Pada mulanya ia mengaku bukanlah seorang yang punya komitmen dalam berdoa Rosario atau memiliki kedekatan khusus dengan Bunda Maria. Namun suatu hari di sekitar bulan Juni atau Juli di tahun 2017, ia diajak oleh salah seorang berkebangsaan Filipina yang ia kenal dari pekerjaan. Kenalannya itu mengajaknya untuk mengikuti Devosi Sabtu Pertama. “Saya jujur tidak tahu apa itu Sabtu Pertama tapi saya mau temenin dia,” ujarnya. Ia menggambarkan tempat doanya itu begitu sederhana dan agak sulit untuk dicari. Dalam hatinya terbersit rasa was-was dan takut jika bukan seperti kelompok doa yang ia bayangkan. Kerisauan hatinya itupun luntur saat melihat seorang imam menggenakan jubah masuk untuk memimpin Misa.

Ermina Suminarni
Julianto Halim
Emilia S. Widowati

Sesudah itu, kenalannya menanyakan apakah ia tahu di mana tempat untuk menaruh Monumen Bunda Maria. Pikirannya berkecamuk mengingat ia begitu jarang pulang ke Jakarta. Ia juga tidak begitu kenal dengan para imam, hanya satu imam saja yang ia kenal pada waktu itu, Romo Thomas Aquino M. Rochadi Widagdo yang bertugas di Paroki Cilangkap Gereja ‘Anak Domba’ St. Yohanes Maria Vianney, KAJ. Batinnya ikut bimbang haruskah ia membantu. “Di situ saya berpikir tugas saya adalah membantu orang yang minta tolong. Kerjaan saya bukan mikir apakah ini benar atau tidak. Nanti pastor yang akan melakukan diskresi tentang undangan ini,” tuturnya. Sebelum kembali ke Brunei, ia pun membawa temannya itu ke Cilangkap walaupun belum sempat bertemu dengan Romo Rochadi di sana. Beberapa waktu setelah itu, ketika ia kembali ke Jakarta, berita gembira terdengar bahwa monumen itu akan dibangun di Taman Mini Indonesia Indah (TMII). Untuk itu, pembangunan monumen ini melibatkan langsung Paroki Lubang Buaya yang membawahi Gereja Kalvari dan Gereja Santa Catharina TMIII.

Maria Ignatia Villiana
Stevanus O.S.Langitan

Ketua GDI, Anastasia Promosiana menambahkan alasan mengapa TMII dipilih menjadi tempat monumen itu dibangun. Ia menjelaskan bahwa GDI mempunyai misi untuk menyucikan tempat di mana monumen itu berada. Maka dengan monumen ditempatkan di TMII sebagai miniatur Indonesia artinya ingin menyucikan Indonesia, khususnya Jakarta. “Tiap kami melakukan devosi, kami selalu mendoakan Indonesia dan bahkan setiap ulang tahun GDI kami selalu menyucikan tidak hanya Indonesia tetapi juga Jakarta,” imbuhnya.

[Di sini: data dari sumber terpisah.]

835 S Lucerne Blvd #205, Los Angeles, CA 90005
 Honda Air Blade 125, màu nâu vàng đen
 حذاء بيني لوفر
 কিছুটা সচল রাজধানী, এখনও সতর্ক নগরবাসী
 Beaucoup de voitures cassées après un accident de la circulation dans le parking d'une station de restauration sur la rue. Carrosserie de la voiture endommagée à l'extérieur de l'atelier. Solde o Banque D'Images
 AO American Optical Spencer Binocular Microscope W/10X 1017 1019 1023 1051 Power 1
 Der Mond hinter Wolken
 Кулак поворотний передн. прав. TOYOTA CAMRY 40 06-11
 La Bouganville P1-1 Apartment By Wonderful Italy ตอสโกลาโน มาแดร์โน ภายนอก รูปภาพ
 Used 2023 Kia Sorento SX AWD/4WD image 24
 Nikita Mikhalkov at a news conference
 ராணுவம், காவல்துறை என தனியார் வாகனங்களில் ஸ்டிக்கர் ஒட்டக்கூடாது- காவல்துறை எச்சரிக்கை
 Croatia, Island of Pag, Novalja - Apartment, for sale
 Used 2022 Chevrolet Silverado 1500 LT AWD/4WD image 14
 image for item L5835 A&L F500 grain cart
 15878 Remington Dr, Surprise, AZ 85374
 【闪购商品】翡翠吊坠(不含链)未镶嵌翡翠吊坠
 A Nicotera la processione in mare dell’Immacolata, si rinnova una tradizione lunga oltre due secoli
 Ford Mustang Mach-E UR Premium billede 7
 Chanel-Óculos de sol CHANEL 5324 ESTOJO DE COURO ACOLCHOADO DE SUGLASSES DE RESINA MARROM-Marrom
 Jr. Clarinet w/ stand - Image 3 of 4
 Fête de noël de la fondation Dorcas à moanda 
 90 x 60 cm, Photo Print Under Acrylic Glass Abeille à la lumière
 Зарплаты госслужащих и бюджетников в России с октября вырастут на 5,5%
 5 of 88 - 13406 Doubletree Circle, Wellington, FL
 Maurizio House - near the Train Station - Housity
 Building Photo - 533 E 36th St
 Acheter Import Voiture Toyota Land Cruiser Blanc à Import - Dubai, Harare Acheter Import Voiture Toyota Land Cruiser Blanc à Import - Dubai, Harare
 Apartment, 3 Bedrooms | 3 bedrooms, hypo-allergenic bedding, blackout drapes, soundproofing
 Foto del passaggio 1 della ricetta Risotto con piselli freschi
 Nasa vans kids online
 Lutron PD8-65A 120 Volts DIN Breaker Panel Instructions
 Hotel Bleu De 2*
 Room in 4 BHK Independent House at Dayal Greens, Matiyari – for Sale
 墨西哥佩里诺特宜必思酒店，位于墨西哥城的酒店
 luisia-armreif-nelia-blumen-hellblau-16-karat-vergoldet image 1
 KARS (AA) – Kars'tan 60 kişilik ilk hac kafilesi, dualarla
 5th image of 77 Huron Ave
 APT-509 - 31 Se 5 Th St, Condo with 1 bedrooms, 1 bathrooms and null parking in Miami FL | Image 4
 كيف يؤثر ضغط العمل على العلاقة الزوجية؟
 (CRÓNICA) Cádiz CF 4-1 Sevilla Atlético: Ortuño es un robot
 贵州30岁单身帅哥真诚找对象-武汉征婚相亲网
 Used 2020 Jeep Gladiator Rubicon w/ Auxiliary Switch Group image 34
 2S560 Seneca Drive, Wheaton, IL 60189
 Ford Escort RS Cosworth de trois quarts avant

Uskup Agung Jakarta, Ignatius Kardinal Suharyo melakukan koronisasi Bunda Maria. Pemakain mahkota pda Bunda Maria Fatima. (Foto: GDI/Felicitas)

Monumen ini sendiri dibangun oleh seorang insinyur bernama Gabriel Agustinus Herlambang. Ia adalah kakak dari seorang devosan GDI, Agatha Gabriela Felisitas. Felly, sapaan akrabnya,menuturkan pembangunan monumen tersebut diminta selesai dalam waktu yang singkat, yakni 10 hari. Ukuran, untaian Rosario, dan warna haruslah sama persis seperti yang diberikan oleh Grupo Da Imaculata. “Bahannya memang tidak persis sama karena ada perbedaan bahan dengan kita dan luar negeri,” jelasnya. Monumen Maria Fatima itupun diresmikan bersamaan dengan peresmian GDI pada tanggal 13 Oktober 2017. Tahun 2017 menjadi sangat istimewa sebab menjadi Peringatan 100 Tahun Penampakan Bunda Maria di Fatima.

Say Yes!

Di balik kesanggupan membangun monumen dalam waktu yang singkat itu, dinyatakan Felly sebagai sebuah tindakan iman dan syukur. Sedari kecil kelahiran 16 Agustus ini sudah diperkenalkan dengan Doa Rosario oleh orangtuanya. “Kami satu keluarga, berdelapan itu tidak asing dengan Rosario. Karena itu, kalau berhubungan dengan Bunda Maria kami selalu grecep (gerak cepat) alias pasti oke saja,” ungkapnya.

Muliaty Sukirman
Ermina Suminarni

Lewat pembuatan monumen itulah Felly semakin mengenal GDI. Dari situ, umat Paroki Lubang Buaya Gereja Kalvari ini setia mengikuti perjalanan doa bersama GDI dan memperoleh banyak berkat. Ia pun turut membaktikan diri menjadi pengurus di GDI sebagai bendahara serta pendekor dan perangkai bunga perarakan, monumen, dan altar pada setiap acara GDI dari tahun 2017 hingga sekarang. “Jujur, saya tidak bisa jauh dari Yesus dan Bunda Maria,” katanya sambil tersenyum.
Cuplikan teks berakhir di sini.